■ Task directions ■
Locate the line containing "4085 Winsor Dr, Farmers" in the entries below, then retype it and every later line exactly, leaving out pictures.

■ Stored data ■
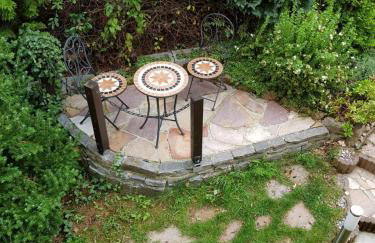 Ferienwohnung Hähnert - Foto 6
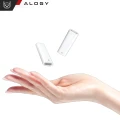 pol_pl_Adapter-Alogy-Pencil-Charger-do-rysika-USB-C-Lightning-do-Apple-Pen-umozliwiajacy-ladowanie-kablem-Bialy-74389_8.webp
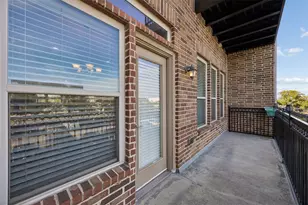 4085 Winsor Dr, Farmers Branch, TX 75244 - Photo 31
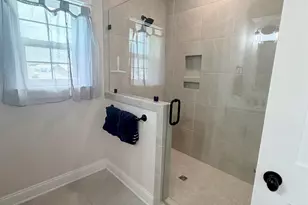 24212 Pepper Ln, Orange Beach, AL 36561 - Photo 32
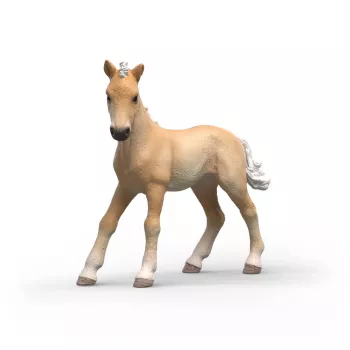 Schleich Horse Club Verzamelveulen Reina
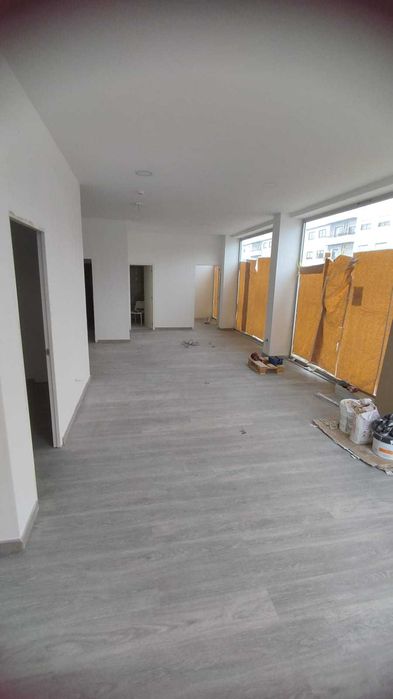 PINTOR / PLADUR / ELETRICISTA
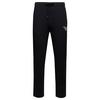 Men s Desert Embroidered Modal Sweatpant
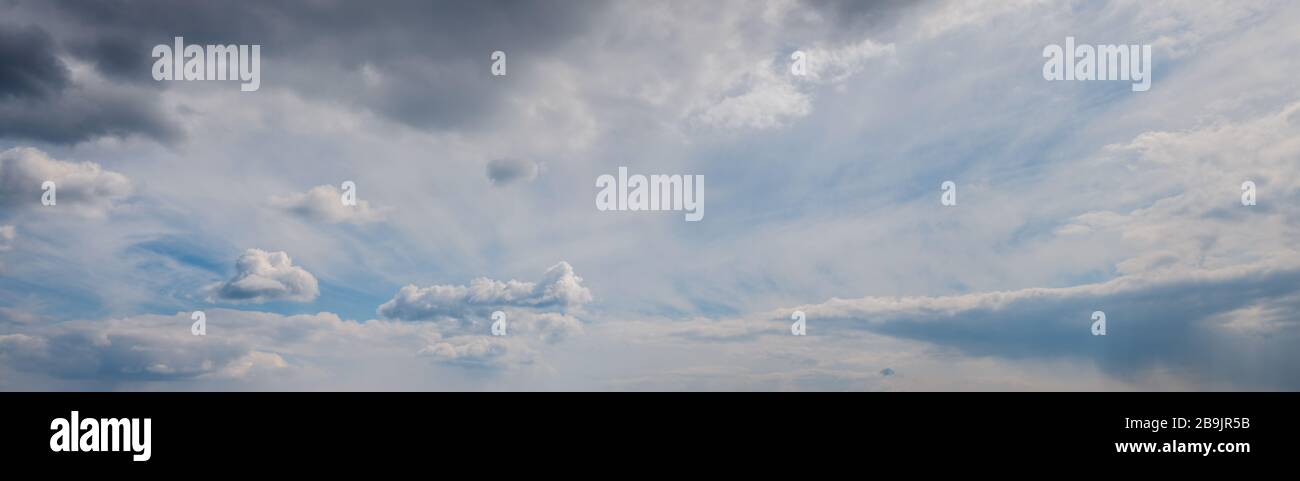 Climate res hi-res stock photography and images - Alamy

■ Result of this task ■
 4085 Winsor Dr, Farmers Branch, TX 75244 - Photo 31
 24212 Pepper Ln, Orange Beach, AL 36561 - Photo 32
 Schleich Horse Club Verzamelveulen Reina
 PINTOR / PLADUR / ELETRICISTA
 Men s Desert Embroidered Modal Sweatpant
 Climate res hi-res stock photography and images - Alamy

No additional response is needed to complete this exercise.